_AIM OF THE TASK_
From the line with "R35 Spacious Private Villa&pool&spa Марбелья" through the line with "Zara tröja - Säljer", inclusive, return each line of the data below exactly and leave the rest out.

_DATA FOR THIS TASK_

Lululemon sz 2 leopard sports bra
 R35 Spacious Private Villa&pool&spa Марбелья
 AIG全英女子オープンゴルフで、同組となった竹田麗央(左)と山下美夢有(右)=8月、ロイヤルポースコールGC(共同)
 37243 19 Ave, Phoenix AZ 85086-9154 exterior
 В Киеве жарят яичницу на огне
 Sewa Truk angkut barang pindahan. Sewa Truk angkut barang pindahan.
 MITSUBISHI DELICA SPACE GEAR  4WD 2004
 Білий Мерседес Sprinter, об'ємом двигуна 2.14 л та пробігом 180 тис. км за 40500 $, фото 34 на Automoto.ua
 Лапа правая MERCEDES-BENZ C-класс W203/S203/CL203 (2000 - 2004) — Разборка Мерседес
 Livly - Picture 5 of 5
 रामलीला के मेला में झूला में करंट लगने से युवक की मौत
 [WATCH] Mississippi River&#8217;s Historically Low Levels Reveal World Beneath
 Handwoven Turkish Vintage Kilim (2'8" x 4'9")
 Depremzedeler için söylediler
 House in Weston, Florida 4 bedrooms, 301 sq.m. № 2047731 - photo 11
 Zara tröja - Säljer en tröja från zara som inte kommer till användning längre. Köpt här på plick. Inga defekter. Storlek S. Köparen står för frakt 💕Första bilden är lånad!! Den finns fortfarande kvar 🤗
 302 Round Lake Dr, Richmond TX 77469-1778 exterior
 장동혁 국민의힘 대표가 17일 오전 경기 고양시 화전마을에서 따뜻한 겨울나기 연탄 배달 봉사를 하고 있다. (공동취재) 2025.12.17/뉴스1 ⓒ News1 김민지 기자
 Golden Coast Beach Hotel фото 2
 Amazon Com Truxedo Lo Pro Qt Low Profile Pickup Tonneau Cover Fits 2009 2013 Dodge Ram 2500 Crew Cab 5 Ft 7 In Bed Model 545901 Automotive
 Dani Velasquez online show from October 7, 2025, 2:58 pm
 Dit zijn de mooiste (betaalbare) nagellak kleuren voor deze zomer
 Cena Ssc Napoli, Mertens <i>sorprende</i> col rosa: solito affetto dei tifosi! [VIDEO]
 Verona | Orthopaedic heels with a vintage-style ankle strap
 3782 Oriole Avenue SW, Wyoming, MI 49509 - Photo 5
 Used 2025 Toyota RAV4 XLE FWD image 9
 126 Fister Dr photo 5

_EXERCISE RESULT_
 R35 Spacious Private Villa&pool&spa Марбелья
 AIG全英女子オープンゴルフで、同組となった竹田麗央(左)と山下美夢有(右)=8月、ロイヤルポースコールGC(共同)
 37243 19 Ave, Phoenix AZ 85086-9154 exterior
 В Киеве жарят яичницу на огне
 Sewa Truk angkut barang pindahan. Sewa Truk angkut barang pindahan.
 MITSUBISHI DELICA SPACE GEAR  4WD 2004
 Білий Мерседес Sprinter, об'ємом двигуна 2.14 л та пробігом 180 тис. км за 40500 $, фото 34 на Automoto.ua
 Лапа правая MERCEDES-BENZ C-класс W203/S203/CL203 (2000 - 2004) — Разборка Мерседес
 Livly - Picture 5 of 5
 रामलीला के मेला में झूला में करंट लगने से युवक की मौत
 [WATCH] Mississippi River&#8217;s Historically Low Levels Reveal World Beneath
 Handwoven Turkish Vintage Kilim (2'8" x 4'9")
 Depremzedeler için söylediler
 House in Weston, Florida 4 bedrooms, 301 sq.m. № 2047731 - photo 11
 Zara tröja - Säljer en tröja från zara som inte kommer till användning längre. Köpt här på plick. Inga defekter. Storlek S. Köparen står för frakt 💕Första bilden är lånad!! Den finns fortfarande kvar 🤗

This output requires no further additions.